Alas, but even then, there are decisions to be made. You might opt for a funeral home with a drive-through window so the mourners—after they’ve grabbed a burger and fries down the street—can roll down their window, leave the A/C running, and take a quick gander at your remains as they dab their eyes with a McDonald’s napkin. Or if you make people actually get out of their cars and go into a church for a service, you need to decide if you want to have a Celebration of Life service or stick with the tried-and-true traditional funeral.

The long and short of this is that if you’re currently undecided as to what you’d like to happen to your corpse, know that every day your options expand. Death is not only a huge business; it’s also become quite the creative enterprise, full of entrepreneurs eager to Americanize death and cash in on your corp$e.

Before you make any decisions about your postmortem particulars, however, you might want to sit back and ponder bigger, more fundamental questions such as these: Should you even care what happens to your corpse? And, if so, why? So what if you’re cremated or left intact, celebrated or mourned, exploded in the heavens or buried under the earth? You’ll be dead, of course, so why should it matter what the living do with you?
Let me, first of all, tell you why I think it should matter to all of us. Secondly, let me spell out the practical implications that positive belief has for what we do with the body after death.

The Body Matters, Even After Death

Our bodies matter because, even in death, they continue to be at the core of our human identity. The real me is not something hidden within and enveloped by an extraneous costume of flesh and blood.
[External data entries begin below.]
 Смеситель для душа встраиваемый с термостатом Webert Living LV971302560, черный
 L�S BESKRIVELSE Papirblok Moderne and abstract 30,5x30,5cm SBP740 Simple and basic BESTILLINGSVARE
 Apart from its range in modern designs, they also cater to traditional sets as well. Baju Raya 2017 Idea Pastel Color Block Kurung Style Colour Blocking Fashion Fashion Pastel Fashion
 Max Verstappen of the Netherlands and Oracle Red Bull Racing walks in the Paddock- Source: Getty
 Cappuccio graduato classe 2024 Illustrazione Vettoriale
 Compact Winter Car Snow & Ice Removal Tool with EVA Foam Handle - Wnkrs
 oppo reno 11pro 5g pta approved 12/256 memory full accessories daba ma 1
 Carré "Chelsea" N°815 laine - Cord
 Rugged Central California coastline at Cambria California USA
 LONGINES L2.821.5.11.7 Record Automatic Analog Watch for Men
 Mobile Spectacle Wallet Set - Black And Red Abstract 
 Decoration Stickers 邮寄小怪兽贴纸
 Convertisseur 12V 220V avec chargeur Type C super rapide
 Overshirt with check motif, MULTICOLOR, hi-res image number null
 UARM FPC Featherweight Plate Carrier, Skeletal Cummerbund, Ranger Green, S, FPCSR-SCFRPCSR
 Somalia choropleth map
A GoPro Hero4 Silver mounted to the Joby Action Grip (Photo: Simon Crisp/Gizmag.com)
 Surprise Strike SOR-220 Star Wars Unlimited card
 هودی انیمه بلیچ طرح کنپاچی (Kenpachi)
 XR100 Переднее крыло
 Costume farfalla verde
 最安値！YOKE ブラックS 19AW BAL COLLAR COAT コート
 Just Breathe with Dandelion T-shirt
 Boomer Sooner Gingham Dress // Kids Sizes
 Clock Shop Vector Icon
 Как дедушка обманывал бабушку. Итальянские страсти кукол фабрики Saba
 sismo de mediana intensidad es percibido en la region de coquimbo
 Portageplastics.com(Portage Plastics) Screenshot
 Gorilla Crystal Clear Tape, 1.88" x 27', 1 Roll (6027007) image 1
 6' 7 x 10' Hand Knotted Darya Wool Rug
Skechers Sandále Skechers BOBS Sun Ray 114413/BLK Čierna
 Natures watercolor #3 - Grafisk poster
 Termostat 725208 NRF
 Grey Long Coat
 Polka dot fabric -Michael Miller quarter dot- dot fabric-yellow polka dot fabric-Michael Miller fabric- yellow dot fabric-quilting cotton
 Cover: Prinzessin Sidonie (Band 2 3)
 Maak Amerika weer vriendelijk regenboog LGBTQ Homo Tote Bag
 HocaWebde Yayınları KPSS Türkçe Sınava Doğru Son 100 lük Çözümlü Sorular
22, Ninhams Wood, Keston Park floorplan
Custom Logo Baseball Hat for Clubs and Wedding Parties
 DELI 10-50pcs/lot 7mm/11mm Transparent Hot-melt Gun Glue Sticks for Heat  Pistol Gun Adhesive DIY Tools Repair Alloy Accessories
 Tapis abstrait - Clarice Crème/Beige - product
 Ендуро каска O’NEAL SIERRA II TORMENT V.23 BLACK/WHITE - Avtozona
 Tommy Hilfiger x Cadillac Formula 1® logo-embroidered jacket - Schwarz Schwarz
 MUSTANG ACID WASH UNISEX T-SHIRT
My face is not a mask. My hands are not gloves. My sexual organs are not accouterments attached to a human outfit. They are part of me. So death is not a disrobing of the naked soul that constitutes my true personhood.

To treat my body with respect, love, and honor is to treat me with respect, love, and honor, for my body continues to be an essential part of who I am.

As such, my postmortem body continues to embody memories of who I am. Let’s say that death has come calling for me. What will my wife and children, my parents and sister, see when they see me? They’ll see the man whom they still love. They will not see a shell, an empty husk. My wife will see the face of the man who stood before her and vowed, “I do.” My children will see the hands that held them on the day they were born, and that wiped away their tears when they hurt themselves. My parents will see a scar on my right wrist that I got when barely out of kindergarten. Much of my biography is inscribed upon my body; it is part of who I am, my story, my personality. It is not peripheral to my personhood. A body is not some thing but some one. As such, I want my family to treat my body not as an object I sloughed off upon leaving this world, but as the continuing, meaningful icon of my identity as son, father, and husband. To treat my body with respect, love, and honor is to treat me with respect, love, and honor, for my body continues to be an essential part of who I am.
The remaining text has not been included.